Legend Biotech is seeking Senior Scientist/Principal Scientist, Quantitative Pharmacology as part of the Research & Early Development team based in Somerset, NJ.
Role Overview
The position seeks a highly motivated and experienced quantitative pharmacologist to lead modeling and simulation efforts in support of gene and cell therapy products, with a focus on QSP and popPK modeling (Prior cell and gene therapy experience preferred).
Key Responsibilities
• Lead QSP and popPK modeling activities across preclinical and clinical development stages. • Play a pivotal role in shaping clinical pharmacology strategies, supporting regulatory submissions, and driving innovation in model-informed drug development (MIDD). • Develop and apply mechanistic models to understand disease pathways, drug mechanisms, and patient variability. • Conduct simulations to support dose selection, trial design, and exposure-response analyses. • Collaborate cross-functionally with R&D, clinical, regulatory, and biostatistics teams. • Author and review clinical pharmacology sections of regulatory documents (e.g., INDs, NDAs). • Contribute to scientific publications and conference presentations.
Requirements
R&D, Preclinical development, Clinical, CMC and regulatory
MS/PhD/Pharm D in Pharmaceutical Sciences, Clinical Pharmacology, Applied Mathematics, Biomedical Engineering, or related quantitative discipline.

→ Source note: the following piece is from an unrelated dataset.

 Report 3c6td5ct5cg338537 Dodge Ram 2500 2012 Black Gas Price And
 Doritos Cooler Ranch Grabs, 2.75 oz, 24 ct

7+ years with MS degree or 3+ years with PhD/Pharm D degree of working experience in quantitative pharmacology or pharmacometrics in pharmaceutical companies or CRO companies (Job titles will be decided per applicant's working experience).
Have strong execution ability, strong independent scientific research ability, logical thinking, and coordination/problem-solving skills.
Have clear written and oral communication skills.
Have a good team spirit.
Demonstrated expertise in QSP and popPK modeling, including proficiency with tools such as NONMEM, R, MATLAB, Monolix, etc.
Deep understanding of PK/PD principles, translational medicine, and the role of quantitative pharmacology and model-informed drug development (MIDD) in clinical trials and drug development.
Demonstrated ability and experience in applying modelling and simulation approaches to enable rational and efficient preclinical and clinical drug development.
Familiar with regulatory requirements and guidelines of clinical pharmacology.
Good project management skills, and the ability to collaborate with other departments and manage with internal and external partners.
Proven track record of scientific contributions through publications or presentations.
Good personality, honest and trustworthy.
Physically and mentally healthy, love life.